Remember that the person you’re writing your script for is not the star you’d want to play the lead, it’s the reader. The lowly reader, barely able to make the rent on the apartment he/she shares with three other low-level industry friends somewhere in Burbank… This is the person you’re appealing to, so this is the person you want to wow. If you don’t wow the reader your script will never make it to that star you see playing the lead. So even the first draft has to be stellar.
And how do you make it stellar? You rewrite the *&(* out of it.
Rewriting is tough. You’re basically saying, when you change something, that your first instinct wasn’t good enough—so depending on your ego, you might not want to make those changes, because you want to believe that those first instincts were terrific. And hey, when you wrote that scene, you probably felt your instinct was right on the money. But now, when you’re in rewrite phase, you need to go back and examine every line, every exchange, every description and see how it could be better.
The oft-quoted Hemingway phrase is true: “Good writing is like an iceberg—9/10ths of it is below the surface.” And this was a man who knew about rewriting. He’s saying that 90% of what you write in that first draft will be changed, will be rewritten.
90%?? Surely that’s a bit much.
Well, guess what, it’s not.
And the interesting thing to note here is that Hemingway probably wouldn’t be Hemingway if he’d given his agent his first draft. He might have ended up some marginal writer who never got a contract after his first or second book. Who knows?
But what Hemingway knew is that good writing deserves tending. And that means going over and over and over it.
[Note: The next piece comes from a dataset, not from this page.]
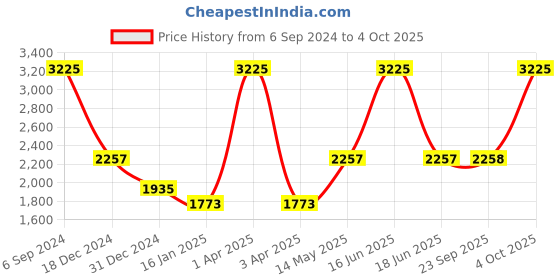 myntra.com Monte Carlo Men Red Pullover monte carlo Price History Graph from 6 Sep 2024 to 4 Oct 2025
There are many techniques for this. One of the easiest is to, each day, go back and rewrite the pages you did yesterday. Begin your writing session by going over yesterday’s pages and making them better. Only then do you start writing new pages. This allows you to get into the process of rewriting, of making it part of the ordinary way you create—and I guarantee, even doing just this much will improve your work.
You might then, when you get to major points in your work—say the end of act one—go back and do a major rewrite. Try the whole act another way. Why not? Why not spend the time writing and writing until you get the perfect act before you proceed with act two?
When you start to think about it, and when you start to incorporate rewriting into your routine, it will take you longer to finish a project. But guess what? You’ll have a way better project—one that might just wow that reader back in Burbank.